Even now that the hierarchy has been implemented in the portal, and children of AAT concepts are also returned in search results, a further, potential problem is caused by some related concepts being siblings, rather than parent or child. In particular, the division of coins (money) into coins by form or technique and coins by origin means that a range of numismatic phenomena frequently found on ancient coins such as overstrikes or punch-marked coins will not be found in a search for Early Western World coins, the former being a child of coins by form or technique, the latter of coins by origin. A search using Getty AAT subjects: denarii filtered to Getty AAT subjects: overstrikes would require the data entry being mapped to both overstrikes and denarii. But as noted above, numismatic data providers normally only map to one AAT term, if they map to the AAT at all.

More problematic is the assignment of emergency currency (AAT: 'Note: Money issued under abnormal financial conditions, such as wartime or economic panic') as a cousin of coins (money). The former could be used for the numerous imitations of Roman coins, known in British numismatics as (barbarous) radiates, which were produced in the late 3rd century CE during a period of inflation and a chronic shortage of official coins. Both terms would only come up together on a search for money (objects).
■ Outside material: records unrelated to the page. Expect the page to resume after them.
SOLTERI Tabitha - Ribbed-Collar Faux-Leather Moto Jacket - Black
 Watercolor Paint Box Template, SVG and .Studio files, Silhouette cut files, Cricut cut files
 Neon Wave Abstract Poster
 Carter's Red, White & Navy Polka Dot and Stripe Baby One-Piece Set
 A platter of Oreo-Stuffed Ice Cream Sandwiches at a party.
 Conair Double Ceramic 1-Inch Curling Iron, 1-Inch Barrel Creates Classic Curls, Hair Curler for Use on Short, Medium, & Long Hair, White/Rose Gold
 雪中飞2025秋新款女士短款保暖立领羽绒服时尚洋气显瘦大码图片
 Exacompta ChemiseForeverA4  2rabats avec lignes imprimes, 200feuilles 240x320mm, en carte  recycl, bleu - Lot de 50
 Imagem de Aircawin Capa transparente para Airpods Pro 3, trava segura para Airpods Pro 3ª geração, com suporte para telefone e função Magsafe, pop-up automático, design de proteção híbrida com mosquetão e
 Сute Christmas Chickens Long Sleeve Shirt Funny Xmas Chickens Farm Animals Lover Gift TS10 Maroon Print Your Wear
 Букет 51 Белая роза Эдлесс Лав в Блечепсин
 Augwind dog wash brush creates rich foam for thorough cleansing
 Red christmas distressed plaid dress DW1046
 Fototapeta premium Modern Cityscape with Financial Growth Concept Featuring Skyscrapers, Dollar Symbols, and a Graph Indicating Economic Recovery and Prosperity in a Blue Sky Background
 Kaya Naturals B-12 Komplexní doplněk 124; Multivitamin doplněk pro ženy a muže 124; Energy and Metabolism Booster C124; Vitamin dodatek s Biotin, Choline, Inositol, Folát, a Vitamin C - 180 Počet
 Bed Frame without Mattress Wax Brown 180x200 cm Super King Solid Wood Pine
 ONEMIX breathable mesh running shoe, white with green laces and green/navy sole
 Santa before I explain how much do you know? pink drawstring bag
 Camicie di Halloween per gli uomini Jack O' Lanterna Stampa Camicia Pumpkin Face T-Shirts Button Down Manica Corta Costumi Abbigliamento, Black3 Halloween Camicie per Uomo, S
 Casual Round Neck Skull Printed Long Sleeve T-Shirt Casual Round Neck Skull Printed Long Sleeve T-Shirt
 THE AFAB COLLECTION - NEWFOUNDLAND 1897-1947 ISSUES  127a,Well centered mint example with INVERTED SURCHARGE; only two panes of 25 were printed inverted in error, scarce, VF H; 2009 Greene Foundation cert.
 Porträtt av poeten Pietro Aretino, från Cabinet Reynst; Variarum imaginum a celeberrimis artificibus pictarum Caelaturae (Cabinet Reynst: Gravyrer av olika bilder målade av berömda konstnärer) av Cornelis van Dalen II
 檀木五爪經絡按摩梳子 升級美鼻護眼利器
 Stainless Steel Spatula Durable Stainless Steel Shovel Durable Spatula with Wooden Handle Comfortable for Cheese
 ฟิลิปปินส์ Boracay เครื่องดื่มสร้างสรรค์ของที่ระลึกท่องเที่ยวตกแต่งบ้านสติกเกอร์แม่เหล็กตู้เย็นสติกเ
The same applies to aes rude, an early form of bronze money in Central Italy, which immediately preceded the earliest Roman coinage and which is a child of money by material. Probably neither of the concepts emergency money and aes rude are actually used at present by any content providers, but since at the time of writing there were problems in searching for certain AAT terms in the portal, it was not possible to check if this is indeed the case. Certainly, aes rude is not included among the Original subjects in the portal.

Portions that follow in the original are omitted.